May you and your family be comforted, may God shine mercy on him.

Aysha said...

abu daoud,
abu sinan,

Thank you...

Um Naief said...

i'm sorry for your loss. may your sadness be lifted in God speed.

re: your question of being selfish to mourn... yes, i think it is selfish, altho... true loss of love, the memories, the smells, your every thought being flooded w/ their being is such a precious gift to give yourself... being able to remember, to love that deeply, to feel the sadness and despair, i think it's a true act of selfish selflessness, if that makes sense.

i've not felt this sort of pain from losing someone, other than an animal. my father died when i was very young and i don't remember it mostly, my aunts have passed but this pain wasn't present, and my grandmother passed when i was a teenager. i cried and felt sad, but not like you say here. i know i will feel this when my mother passes, which i pray that it's not for 40 years or longer.

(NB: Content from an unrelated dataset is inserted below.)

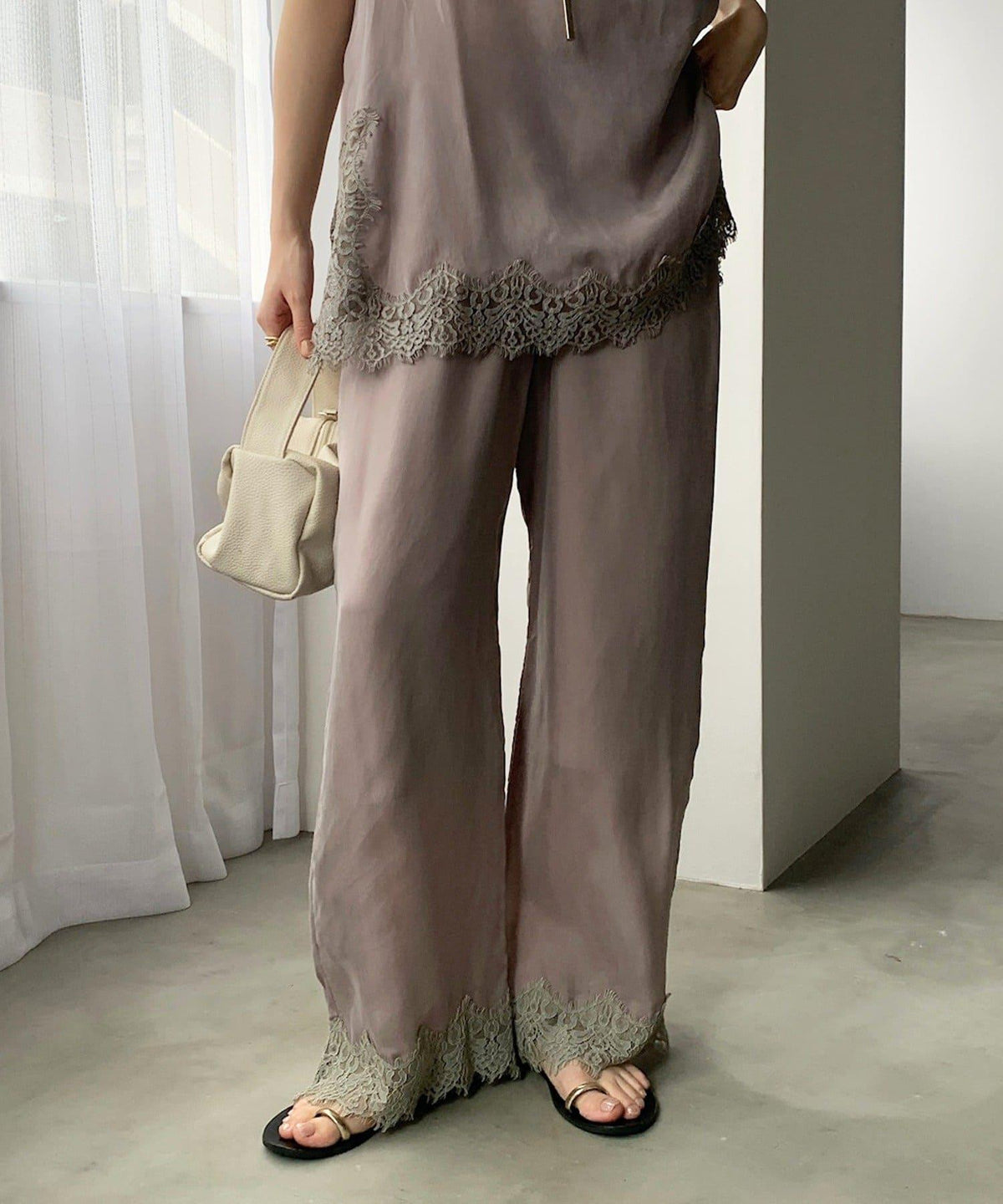 171051743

you have a beautiful way of writing. i find that when i'm in sadness, i write in a way that makes me long for sadness.... it's a strange feeling.

again, i'm deeply sorry for your pain and your loss.

Entropy said...

عظم الله أجركم
ورحم ميتكم...
وأحسن عزاؤكم

Deema said...

My deepest condolences dear. May his soul rest in peace forever. You know, since the first time I went through such an experience, losing my grandma, I I had developed a personal belief or strategy to deal with death. I see it as if it was not there, as if it was invisible with no power at all. Now somehow I'm convinced that all my passed-away beloved are not really passed-away as long as they can see me and I can feel them. True as the cry of a child and as the joy of a dream..

Aysha said...

um naief, entropy, deema,
Your speak light, not words. Thank you!